Hasn't he said this before? Lots of interviews with him recently. He says 20 hours like that's a short game. Uncharted 2 could be completed in 8 hours. :P

Are consumers willing to accept same prices for less production? Doubtful. Are they willing to accept higher prices for AAA games? also doubtful. To be fair, how many truely "triple A" games do we get now? Spiderman 2 might have cost a lot but for all intents, it's also made back it's money. As of April articles said it's sold 11 million copies and it's meant to be a show stopper for promoting the console, it apparently needed 7.2million to "break even", well it did that and more.

Yet I agree with the sentiment, I think there has been some lost art of late of the idea of making a game then using those resources to make a sequel, we've gone from entire trilogies in a few years (1 gen) to if we are lucky, a trilogy over a decade. Horizon 1 came out in 2017, 7 years ago, 2 came out in 2 years ago, so it's another 3 before the next? Uncharted 1, 2 and 3 were wrapped up in 4 years.

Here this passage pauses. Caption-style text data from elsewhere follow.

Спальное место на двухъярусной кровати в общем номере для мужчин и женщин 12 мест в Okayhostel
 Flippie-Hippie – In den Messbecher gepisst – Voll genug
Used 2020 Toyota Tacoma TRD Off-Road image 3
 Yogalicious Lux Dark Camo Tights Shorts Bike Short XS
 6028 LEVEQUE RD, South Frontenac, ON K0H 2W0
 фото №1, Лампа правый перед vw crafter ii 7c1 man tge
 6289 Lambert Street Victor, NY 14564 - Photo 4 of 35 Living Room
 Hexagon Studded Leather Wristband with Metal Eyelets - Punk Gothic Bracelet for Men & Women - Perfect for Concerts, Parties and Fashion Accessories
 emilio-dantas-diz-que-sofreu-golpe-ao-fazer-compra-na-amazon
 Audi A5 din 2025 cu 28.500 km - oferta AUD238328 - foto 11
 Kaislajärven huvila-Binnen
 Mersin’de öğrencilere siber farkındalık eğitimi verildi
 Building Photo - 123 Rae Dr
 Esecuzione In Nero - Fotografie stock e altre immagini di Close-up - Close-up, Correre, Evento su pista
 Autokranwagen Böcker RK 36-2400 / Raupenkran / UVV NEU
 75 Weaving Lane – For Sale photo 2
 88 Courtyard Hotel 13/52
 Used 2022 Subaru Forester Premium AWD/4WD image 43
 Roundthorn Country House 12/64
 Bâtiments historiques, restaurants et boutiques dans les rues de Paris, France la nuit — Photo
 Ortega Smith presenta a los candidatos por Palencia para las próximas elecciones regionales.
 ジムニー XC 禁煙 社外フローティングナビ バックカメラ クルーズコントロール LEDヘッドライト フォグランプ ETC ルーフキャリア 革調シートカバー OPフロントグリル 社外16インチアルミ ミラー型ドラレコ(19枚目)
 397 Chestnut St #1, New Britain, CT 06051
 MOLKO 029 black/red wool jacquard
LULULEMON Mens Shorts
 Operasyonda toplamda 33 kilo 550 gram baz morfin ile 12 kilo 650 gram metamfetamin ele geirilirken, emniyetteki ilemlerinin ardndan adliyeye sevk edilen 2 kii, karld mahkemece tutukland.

Anyway, solutions? More quality midpriced games? But that costs money. :P

  • 0
CaptainExplosion (on 04 December 2024)

The problem is there are too many AAA gamed being made at once, and that's stretching funds way too thin.

  • 0
OneTime (on 04 December 2024)

If the platform sells enough (150 million+) then the games are affordable to make. If you have a failed console, then obviously you'll never make back money from a modern AAA titles on it.

If you want to make AA titles, then you can't charge $70 for them. People will just play Steam games.

  • 0
Brimac19 (on 04 December 2024)

I still think there’s room for AAA games but Studios need to mix in some AA games here and there to balance things out. And mix up the releases-Sequel, new IP, Sequel, New Ip, etc. Stop running your franchises into the ground while barely touching older IP that fans have been wanting for years.

  • 0
FromDK (on 04 December 2024)

AI says hallo..

  • 0
rapsuperstar31 (on 04 December 2024)

Kids these days seem fine to just play Fortnite and Roblox type games, and don't need consoles. The main console base is getting older and has less time to play games. The anti Woke brigade is committed to trying to get everyone online boycotting AAA games that hurt their fragile little egos. The pirates like to think they can just download the games for free, and someone else can pay for it.

  • 0
CaptainExplosion rapsuperstar31 (on 04 December 2024)

Those aren't games they're festering pieces of garbage.

  • +2
firebush03 CaptainExplosion (on 05 December 2024)

You have a point with Roblox, though Fortnite is at least the very least a fun game with a very talented team working behind it.